|Man Without Qualities|
Saturday, January 24, 2004
What is it about Wesley Clark that seems to stir up the most unpleasant and self-destructive comments on the military records of himself and others?
Retired General Hugh Shelton, former head of the Joint Chiefs of Staff, reported that the reason Mr. Clark "came out of Europe early had to do with integrity and character issues ... Wes won't get my vote."
Then Mr. Clark himself bizarrely attempted to diminish Senator Kerry's undoubted Vietnam heroism. He did this after infamously stating that if anyone else criticized his military record he would "beat the s--- out of them." Clark was later forced to distance himself from his own remarks. But will he physically attack General Shelton - a prime offender - when next they meet?
Now there's the weird "deserter' flap. Michael Moore accused President Bush of being a deserter and welcomed a debate between the "General and the Deserter." Clark refused to distance himself from his bizarre supporter's comments, even though they were not new and had been discredited to the satisfaction of the vast majority of the media and the public.
What the heck is it with Wesley Clark and military records?

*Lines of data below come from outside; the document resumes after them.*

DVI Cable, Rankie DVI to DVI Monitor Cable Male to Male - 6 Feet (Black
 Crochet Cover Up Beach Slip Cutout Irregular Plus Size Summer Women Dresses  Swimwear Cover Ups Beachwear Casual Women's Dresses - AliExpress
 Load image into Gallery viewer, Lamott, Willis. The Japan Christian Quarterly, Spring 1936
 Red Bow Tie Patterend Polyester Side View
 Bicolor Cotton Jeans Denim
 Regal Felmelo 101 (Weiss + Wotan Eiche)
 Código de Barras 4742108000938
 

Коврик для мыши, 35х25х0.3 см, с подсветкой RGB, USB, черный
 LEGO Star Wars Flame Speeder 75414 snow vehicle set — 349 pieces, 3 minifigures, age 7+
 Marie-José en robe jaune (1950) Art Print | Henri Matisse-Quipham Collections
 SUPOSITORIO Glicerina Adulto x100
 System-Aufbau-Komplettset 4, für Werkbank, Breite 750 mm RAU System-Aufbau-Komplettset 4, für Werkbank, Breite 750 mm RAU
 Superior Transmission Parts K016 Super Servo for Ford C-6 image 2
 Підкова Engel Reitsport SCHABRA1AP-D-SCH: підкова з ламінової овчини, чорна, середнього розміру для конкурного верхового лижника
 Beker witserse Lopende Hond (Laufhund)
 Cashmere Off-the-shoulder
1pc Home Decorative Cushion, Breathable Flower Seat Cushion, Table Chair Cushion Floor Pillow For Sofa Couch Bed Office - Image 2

UPDATE: Still more claptrap on Clark's military record, this time from Newsweek, which follows up on General Shelton's remarks:
What really happened? According to a knowledgeable source, Clark ran afoul of Cohen and Shelton by being less than totally forthcoming in morning conference calls during the Kosovo war in the spring of 1999. From his NATO headquarters in Brussels, Clark wanted to wage the war more aggressively, but back in the Pentagon, Cohen and Shelton were more cautious. They would give Clark instructions on, for instance, the scale of the bombing campaign. "Clark would say, 'Uh-huh, gotcha'," says NEWSWEEK's source. But then he would pick up the phone and call [British Prime Minister] Tony Blair and [Secretary of State] Madeleine [Albright]." As Clark knew full well, Blair and Albright were more hawkish than Shelton and Cohen. After talking to the State Department and NATO allies, Clark would have a different set of marching orders, says the source, who has spoken about the matter with both Cohen and Clark. "Then, about 1 o'clock, the Defense Department would hear what Clark was up to, and Cohen and Shelton would be furious."
Was Clark going around them? Not really. As NATO commander, Clark told NEWSWEEK, "I wore two hats." He reported to Washington, but also to America's European allies. And within the U.S. government, he was within his authority to seek guidance from the State Department and certainly from the White House, as well as from his nominal bosses at the Pentagon.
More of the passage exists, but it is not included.